Saturday, January 28, 2017

Ich Nibber Dibber (Sydney Festival)


Ich Nibber Dibber by post.  Campbelltown Arts Centre, January 20, 21, 27, 28, 2017.

Post, Lead Artists – Mish Grigor, Zoë Coombs Marr and Natalie Rose

Designers: Lighting and Production Manager – Fausto Brusamolino; Set and Costume – Michael Hankin; Sound – James Brown
Dramaturg – Anne-Louise Sarks

Reviewed by Frank McKone
January 27

Ich Nibber Dibber is a new genre which I term ‘sit-up comedy’, rather than old-hat standup.  Whether or not you could or should wash a hat, or throw it out when it gets too dirty and just get a new one, was quite an important issue.  As important as, if God is dead, as Nietzche said he was, now that Nietzche is also dead, how might he be feeling when he gets to heaven and finds that God isn’t dead after all?

The three women of the theatre company post spent their hour and ten, each perched up on a 2 metre post, draped in loose white material somewhere between a bedsheet and a wedding dress, and talked – regurgitating ten years’ worth of off-task banter from selfie videos actually recorded between their on-task writing sessions creating shows such as Oedipus Schmoedipus (reviewed on this blog January 25, 2014 and about to go on tour in South America!) and many others. 

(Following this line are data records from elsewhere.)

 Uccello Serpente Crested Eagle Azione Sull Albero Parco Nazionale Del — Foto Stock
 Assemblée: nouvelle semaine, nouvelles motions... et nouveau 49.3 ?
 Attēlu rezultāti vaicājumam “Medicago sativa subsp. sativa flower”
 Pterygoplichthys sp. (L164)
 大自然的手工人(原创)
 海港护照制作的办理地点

I could also call it ‘reality theatre’, except that no-one got voted off.  This was because they laughed at each other as much as we laughed at (or rather, with) them, both during the performance and, for those of us who stayed, during the following Q&A session.

Their ten year odyssey began when Mish and Zoë were 18 and 19 and Nat was 43.  Burst of laughter.  23! says Natalie.  Fascinating how their manner of speaking, what my drama teacher called ‘acting acting’ – to prove that you know what you are doing – was just right for that young age, but gradually changed, to the almost subliminal background accompaniment of pop music to match the history, to the point where maturity raised the question of being over the hill (at 40! says Natalie, not 30!), looking down the barrel of middle-age and menopause.

What made me sit up, thinking back to my 1950s upbringing when women’s body parts were strictly never to be mentioned (still like Queen Victoria’s ankles in the nether regions), was the excruciating details provided of women’s internal bodily functions.  I know this is all cool, nowadays, because all the women around me (who constituted about 90% of the audience) were metaphorically tweeting LOVL – laughing out very loud!

The most excruciating image of giving birth, from Natalie – whose efforts were being videoed (you never know, we might be able to use this in a show), except that the computer had 1950s qualms (probably overheating) and switched itself off for the climactic moment – was when she described herself in the “push” phase as feeling like a Bodum coffee plunger (except that all the mucky stuff came out the bottom).  Bottoms and what come out of them also got a good run with repeats throughout the rapid fire talk.

One experience I missed back in 1972 was to read Ways of Seeing by John Berger.  The women’s talk included Mish looking up on her phone and quoting what he wrote about how women are always conscious of how they appear to others, to men and to other women, so they are always “seeing themselves” as if they are an art object.  This took the show out of continually divergent apparently silly but very funny talk for just a minute or so, but to me seemed to be the serious theme behind these women’s work.

Discussion in the Q&A gave them the opportunity to talk about how, as young actors still in youth theatre orbit, they had had to learn that they had no choice about being seen by their audience as female, and how, in accepting that fact, they could present women on stage in new ways.  Oedipus Schmoedipus was a great example, where blood all over them took on new meanings, especially for men in the audience, as well as confirming for women what they already knew.

This led as well to talk about the business of being actors and designing a performance of themselves changing over the ten years.  Although their actual talk as originally recorded seemed discontinuous, they found themselves editing out (though keeping the true timeline) and so realised that there is a story – a through line – about their developing maturity, in contrast to their other shows where absurdist discontinuity was the experimental theatre mode.

So once again the Sydney Festival has produced a winner, and a very interesting comparison about the perception of women to put alongside the very successful humorous and emotionally affecting transgender presentation from Canada: Tomboys Survival Guide (reviewed here January 26, 2017). 

Maybe I can retitle these women’s teenage-nonsense-German Ich Nibber Dibber as the Upfront Modern Women’s Comedy Better Than Survival Guide.